Don't feed me AI slop
In the early days of any new technology, the relevant social norms are still being workshopped. For mobile phones, that meant collectively deciding when and where phones should be on silent mode1. For instant messaging, that meant jumping right into the request instead of trying to do small talk first. What are the social norms we’re working out for AI right now? In my view, they’re about when it’s appropriate to show somebody AI-generated content.
For instance, it’s acceptable to run an email through ChatGPT to check for typos or unfinished sentences. But is it acceptable to get ChatGPT to write your entire email for you from scratch? If you’re having a problem in your life, it’s okay to talk to a language model about it. But it’s probably not okay to get a language model to write messages to your spouse (though it is okay to get it to write messages to your boss). If you’re a software engineer, is it okay to submit an AI-generated PR? Is it okay to get AI to generate commit messages or technical reports for you?
Here’s the point I’m going to argue in this post: it’s okay to show someone AI-generated output when it’s not slop. In other words, you should only show AI output when it’s as content-dense as something you would have produced yourself.
Should you never pass off AI-generated content as your own?
Six months ago, I wrote about this same question in On Slop, and concluded that you should never pass off AI-generated content as your own. I thought that the core problem with “slop” was the bait-and-switch: the unpleasant uncanny-valley sensation when you realise you’re not talking to a human. We’re seeing the beginnings of a norm forming where you have to disclose whether content is AI-generated upfront (for instance, three days ago the ghostty project made that mandatory for new PRs).
One intuitive reason to believe this is that it’s much more pleasant to read your own AI-generated content than to read AI content generated by someone else. W.H. Auden famously wrote in his essay Writing that “most people enjoy the sight of their own handwriting as they enjoy the smell of their own farts”. Is AI content the same?
I was reading the comments on this post2 when I noticed lots of people resonating with this remark:
I can’t know for sure, but I’d be willing to put money down that my exact question and the commit were fed directly into an LLM which was then copy and pasted back to me. I’m not sure why, but I felt violated.
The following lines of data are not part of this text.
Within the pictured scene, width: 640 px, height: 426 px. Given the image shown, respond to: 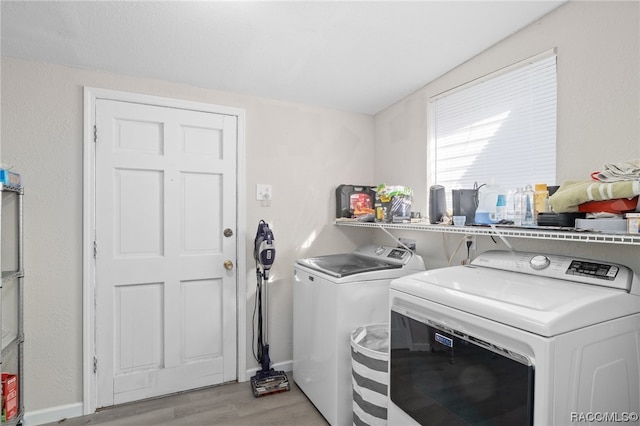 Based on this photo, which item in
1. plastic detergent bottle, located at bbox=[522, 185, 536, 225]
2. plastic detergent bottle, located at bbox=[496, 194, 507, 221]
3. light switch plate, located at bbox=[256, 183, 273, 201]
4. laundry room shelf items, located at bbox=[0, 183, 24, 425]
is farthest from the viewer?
light switch plate, located at bbox=[256, 183, 273, 201]

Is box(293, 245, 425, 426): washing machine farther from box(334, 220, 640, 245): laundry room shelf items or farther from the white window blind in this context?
the white window blind

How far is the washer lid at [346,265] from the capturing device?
197 cm

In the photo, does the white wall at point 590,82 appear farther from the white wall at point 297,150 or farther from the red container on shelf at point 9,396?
the red container on shelf at point 9,396

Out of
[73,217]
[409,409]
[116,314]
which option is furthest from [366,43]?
[116,314]

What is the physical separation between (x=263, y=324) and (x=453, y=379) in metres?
1.69

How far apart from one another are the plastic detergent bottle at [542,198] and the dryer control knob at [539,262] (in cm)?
20

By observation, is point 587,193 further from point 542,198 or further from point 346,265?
point 346,265

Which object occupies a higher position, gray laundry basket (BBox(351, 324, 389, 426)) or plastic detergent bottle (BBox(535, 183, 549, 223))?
plastic detergent bottle (BBox(535, 183, 549, 223))

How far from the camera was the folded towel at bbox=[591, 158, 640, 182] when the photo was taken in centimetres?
107

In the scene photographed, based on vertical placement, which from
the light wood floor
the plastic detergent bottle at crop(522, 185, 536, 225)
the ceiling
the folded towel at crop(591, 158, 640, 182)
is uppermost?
the ceiling

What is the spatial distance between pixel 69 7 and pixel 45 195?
3.72 ft

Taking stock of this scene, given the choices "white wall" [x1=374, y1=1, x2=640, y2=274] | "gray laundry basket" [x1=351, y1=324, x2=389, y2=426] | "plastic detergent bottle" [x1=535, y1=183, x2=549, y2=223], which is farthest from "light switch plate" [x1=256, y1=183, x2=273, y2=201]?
"plastic detergent bottle" [x1=535, y1=183, x2=549, y2=223]

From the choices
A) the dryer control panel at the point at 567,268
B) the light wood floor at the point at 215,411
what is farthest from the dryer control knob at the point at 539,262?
the light wood floor at the point at 215,411

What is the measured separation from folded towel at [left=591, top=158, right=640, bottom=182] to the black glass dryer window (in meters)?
0.73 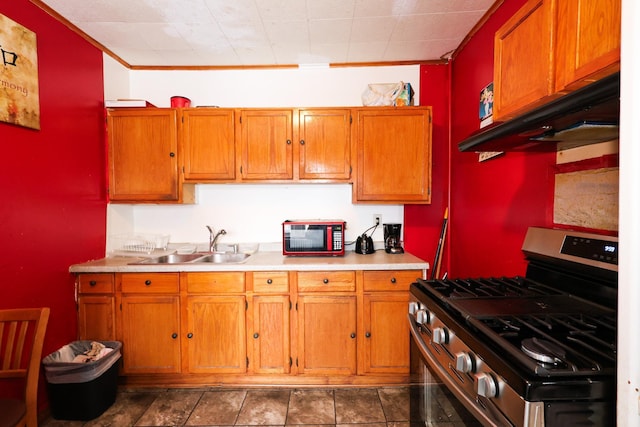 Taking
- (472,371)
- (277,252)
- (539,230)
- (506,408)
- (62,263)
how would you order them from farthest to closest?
(277,252) < (62,263) < (539,230) < (472,371) < (506,408)

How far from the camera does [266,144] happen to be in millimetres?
2449

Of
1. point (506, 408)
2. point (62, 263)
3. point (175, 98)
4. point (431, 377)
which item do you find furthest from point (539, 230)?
point (62, 263)

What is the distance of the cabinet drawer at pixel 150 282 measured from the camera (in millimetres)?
2182

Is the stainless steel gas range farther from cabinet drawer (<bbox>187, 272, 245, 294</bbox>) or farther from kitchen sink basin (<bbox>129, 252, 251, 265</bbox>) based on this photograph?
kitchen sink basin (<bbox>129, 252, 251, 265</bbox>)

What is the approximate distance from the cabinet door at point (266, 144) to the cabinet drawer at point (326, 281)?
2.71 ft

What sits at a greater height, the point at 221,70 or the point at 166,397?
the point at 221,70

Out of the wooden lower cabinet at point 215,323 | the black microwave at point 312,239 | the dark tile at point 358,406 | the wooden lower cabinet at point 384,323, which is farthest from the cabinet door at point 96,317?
the wooden lower cabinet at point 384,323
It felt wrong.
For instance (emphasis mine):
I think the key here is no-one wants to read someone else’s ChatGPT. Even when it’s been vetted by another engineer via actual tests, there is something that in my flesh that makes me not want to read that output?
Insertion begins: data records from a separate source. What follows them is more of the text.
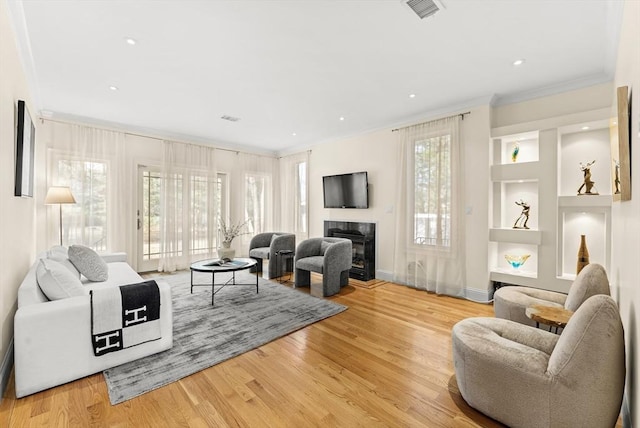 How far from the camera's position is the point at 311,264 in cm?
436

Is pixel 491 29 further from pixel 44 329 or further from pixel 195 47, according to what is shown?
pixel 44 329

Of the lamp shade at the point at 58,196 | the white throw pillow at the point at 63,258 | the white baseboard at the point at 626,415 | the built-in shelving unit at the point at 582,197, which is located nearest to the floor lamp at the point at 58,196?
the lamp shade at the point at 58,196

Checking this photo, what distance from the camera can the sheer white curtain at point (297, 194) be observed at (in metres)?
6.61

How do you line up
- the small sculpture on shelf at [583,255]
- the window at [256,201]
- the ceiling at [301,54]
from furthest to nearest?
the window at [256,201], the small sculpture on shelf at [583,255], the ceiling at [301,54]

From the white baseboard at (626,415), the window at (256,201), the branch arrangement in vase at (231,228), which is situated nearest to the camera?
the white baseboard at (626,415)

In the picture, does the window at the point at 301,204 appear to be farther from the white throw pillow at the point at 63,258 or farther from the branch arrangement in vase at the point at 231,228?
the white throw pillow at the point at 63,258

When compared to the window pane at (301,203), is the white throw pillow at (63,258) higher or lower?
lower

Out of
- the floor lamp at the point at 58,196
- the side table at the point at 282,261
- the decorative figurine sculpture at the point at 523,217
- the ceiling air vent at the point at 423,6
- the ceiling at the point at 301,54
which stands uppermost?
the ceiling at the point at 301,54

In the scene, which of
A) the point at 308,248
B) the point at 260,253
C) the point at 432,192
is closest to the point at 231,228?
the point at 260,253

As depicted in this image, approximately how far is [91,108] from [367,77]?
13.2ft

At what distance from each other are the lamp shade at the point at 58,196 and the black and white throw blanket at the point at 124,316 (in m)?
2.65

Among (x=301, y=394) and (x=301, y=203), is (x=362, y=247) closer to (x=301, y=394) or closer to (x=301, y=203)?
(x=301, y=203)

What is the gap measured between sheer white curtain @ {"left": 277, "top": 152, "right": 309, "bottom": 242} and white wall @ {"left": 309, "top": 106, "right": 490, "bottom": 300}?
0.17 m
I won’t say too much, but I recently had an experience where it was clear that when talking with a colleague, I was getting back chat GPT output. I felt sick, like this just isn’t how it should be. I’d rather have been ignored.
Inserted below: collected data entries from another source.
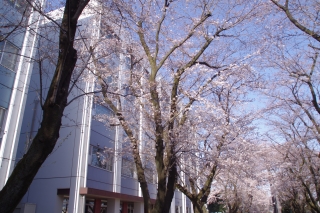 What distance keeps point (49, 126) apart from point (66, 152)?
36.2 ft

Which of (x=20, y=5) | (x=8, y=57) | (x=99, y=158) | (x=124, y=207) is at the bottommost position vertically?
(x=124, y=207)

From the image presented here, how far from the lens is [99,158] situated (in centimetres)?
1562

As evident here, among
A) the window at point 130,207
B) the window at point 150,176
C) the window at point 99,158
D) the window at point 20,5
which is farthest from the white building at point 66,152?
the window at point 20,5

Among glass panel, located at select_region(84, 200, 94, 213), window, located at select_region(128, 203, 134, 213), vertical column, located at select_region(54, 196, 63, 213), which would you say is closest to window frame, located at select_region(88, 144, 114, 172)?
glass panel, located at select_region(84, 200, 94, 213)

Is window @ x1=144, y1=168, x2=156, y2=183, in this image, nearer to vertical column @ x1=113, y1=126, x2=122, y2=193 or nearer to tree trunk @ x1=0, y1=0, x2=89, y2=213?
vertical column @ x1=113, y1=126, x2=122, y2=193

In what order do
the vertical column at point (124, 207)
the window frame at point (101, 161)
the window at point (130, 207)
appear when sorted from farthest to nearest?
the window at point (130, 207) → the vertical column at point (124, 207) → the window frame at point (101, 161)

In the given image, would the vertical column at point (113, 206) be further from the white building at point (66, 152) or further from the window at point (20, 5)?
the window at point (20, 5)

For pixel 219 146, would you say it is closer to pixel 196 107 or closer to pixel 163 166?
pixel 196 107

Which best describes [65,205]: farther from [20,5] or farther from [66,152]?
[20,5]

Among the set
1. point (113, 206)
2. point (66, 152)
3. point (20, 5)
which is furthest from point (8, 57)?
point (113, 206)

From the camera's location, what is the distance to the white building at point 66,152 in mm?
11047

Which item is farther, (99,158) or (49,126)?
(99,158)

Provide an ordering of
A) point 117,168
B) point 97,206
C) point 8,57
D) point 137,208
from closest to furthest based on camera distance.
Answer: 1. point 8,57
2. point 97,206
3. point 117,168
4. point 137,208

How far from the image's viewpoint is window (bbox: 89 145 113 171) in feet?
49.0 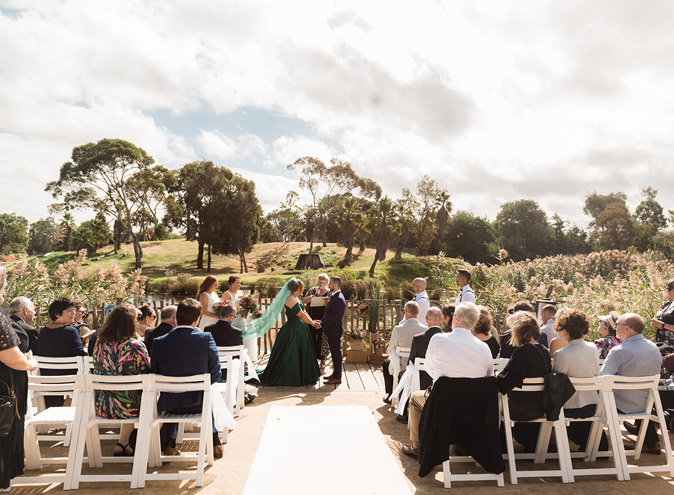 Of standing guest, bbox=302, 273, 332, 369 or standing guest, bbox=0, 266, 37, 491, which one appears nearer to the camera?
standing guest, bbox=0, 266, 37, 491

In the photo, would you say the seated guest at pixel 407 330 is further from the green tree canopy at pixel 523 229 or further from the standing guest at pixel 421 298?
the green tree canopy at pixel 523 229

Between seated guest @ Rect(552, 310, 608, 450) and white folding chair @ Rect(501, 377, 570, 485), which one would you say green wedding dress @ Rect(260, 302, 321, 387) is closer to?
white folding chair @ Rect(501, 377, 570, 485)

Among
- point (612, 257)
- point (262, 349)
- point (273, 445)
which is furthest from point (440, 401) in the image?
point (612, 257)

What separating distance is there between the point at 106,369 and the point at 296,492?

I agree that there’s a fundamental difference between reading your own ChatGPT output and reading someone else’s. I will happily talk to GPT-5 all day3, but I cannot imagine ever wanting to read the outputs of another person’s prompts. When I encounter those outputs accidentally, I get a genuine disgust reaction. Like the people I quoted above, there is something “in my flesh” that recoils.
Exceptions to the rule
Is the ideal social norm then that you should always disclose AI-generated content upfront? I don’t think so, for two reasons.
First, that norm doesn’t go far enough. There are many sources of disclosed AI-generated content that still revolt me (and the commenters I quoted above). When Quora introduced AI-generated questions and answers, I was bothered by them even though they were clearly indicated as such. On Twitter, I know the @grok account is AI generated, but I still don’t like reading its replies. If I get a work message from a colleague that expands a short “can u add caching” into a three-paragraph email, I hate reading it even if I know upfront that it’s AI-generated.
Second, there are also key exceptions to the norm: times when I think it’s acceptable to show people AI-generated content, even if you don’t disclose it.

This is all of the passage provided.